Su calle constaba tan solo de catorce casas –realmente trece, pues una de ellas estaba deshabitada y en fase de reformas tras un incendio, según le comentaron sus vecinos-.

Quizás la urbanización fuese un vergel de tranquilidad y quietud, pero para ella, acostumbrada a vivir en la ciudad, tanto silencio en la enorme casa que ahora le servía de hogar, resultaba casi perturbador. Sin poder evitarlo encendió la luz de la cocina antes de observar su interior y, pese a estar sola, cerró la puerta tras de sí antes de comenzar a preparar la cena. Cuando llegase Iván toda esa inquietud desaparecería, su proximidad siempre le había resultado tranquilizadora.

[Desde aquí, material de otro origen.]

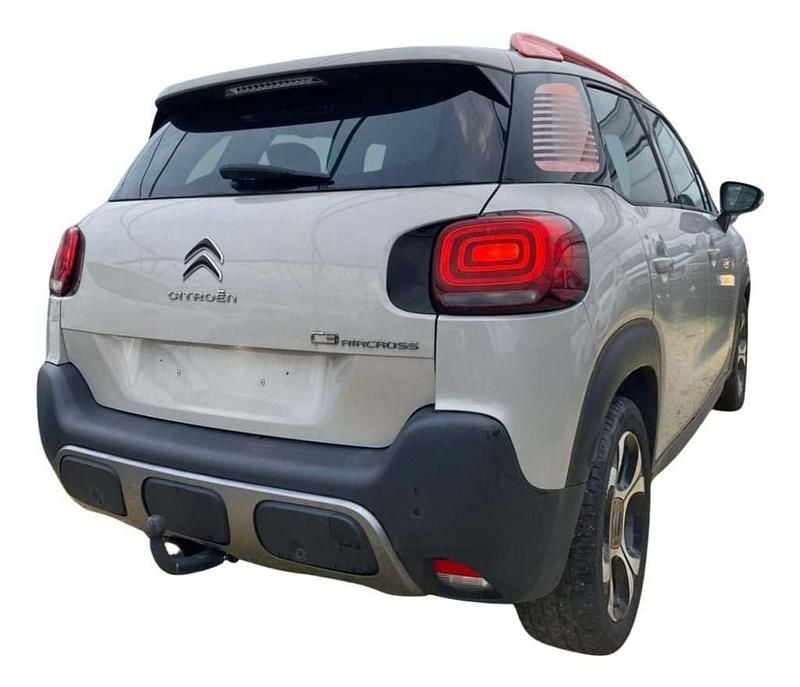 Usata Citroën C3 Aircross PureTech 110 CV (80 kW) 2019 Grigio SUV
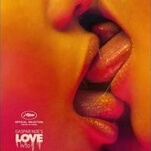 Love is another visually striking trip up director Gaspar Noé’s ass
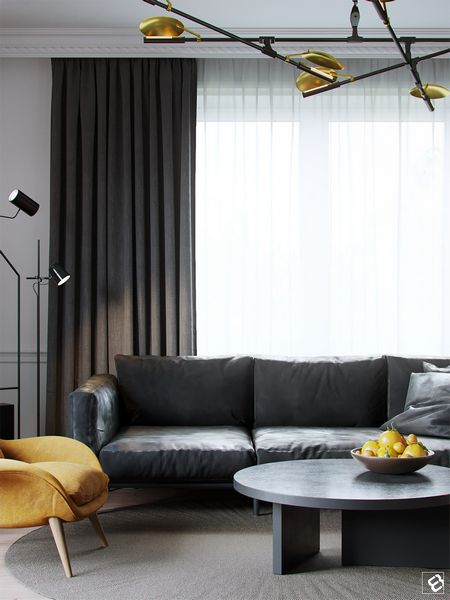 Modern classic interior by Alexandr Aranovich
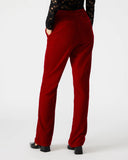 Steve Madden Mercer Pant Red Velvet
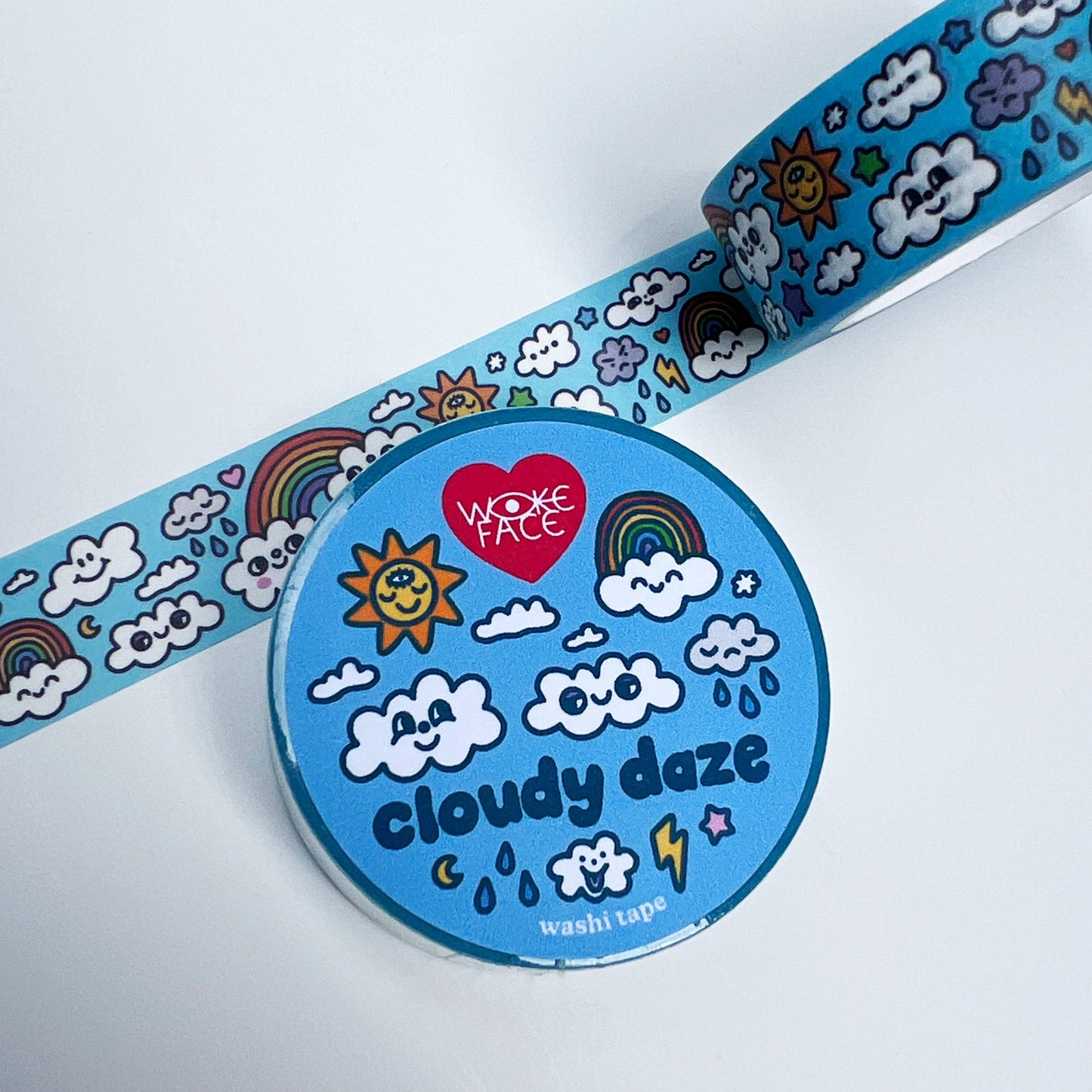 Cloudy Daze Washi Tape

Mientras metía en el microondas unos macarrones que sobraron de su comida del día anterior, recordó fugazmente como se conocieron. Había sido en su primer curso de Universidad, en una charla sobre civilizaciones antiguas, centrada principalmente en Mesopotamia y Egipto. El encargado de dar la charla, de unos treinta años largos, irradiaba un aura de distinción y calma, parecía imperturbable a la par que sabio, fue un flechazo. Poco después coincidieron en la cafetería del campus, sin duda el destino. Aquel día comenzaron a conversar y el resto es historia. Historia, la carrera que ambos compartían, aunque él siempre había demostrado más conocimiento que sus maestros de Universidad.

Se comió los macarrones templados, con un poco de queso a medio derretir por encima, sin apenas saborearlos, parecía una chiquilla, no podía estar tranquila en aquel enorme caserón.

Poco después, en la cama ya, en su habitación del segundo piso, logró, tras un buen rato de intentarlo, quedarse en duermevela. En ese estado recordó comentarios que le habían hecho sobre la única vecina que no la había visitado, la de enfrente, decían que se trataba de una vieja amargada. “Mañana iré a hacerle una visita” pensó mientras su consciencia viajaba, por fin, a los dominios de Morfeo.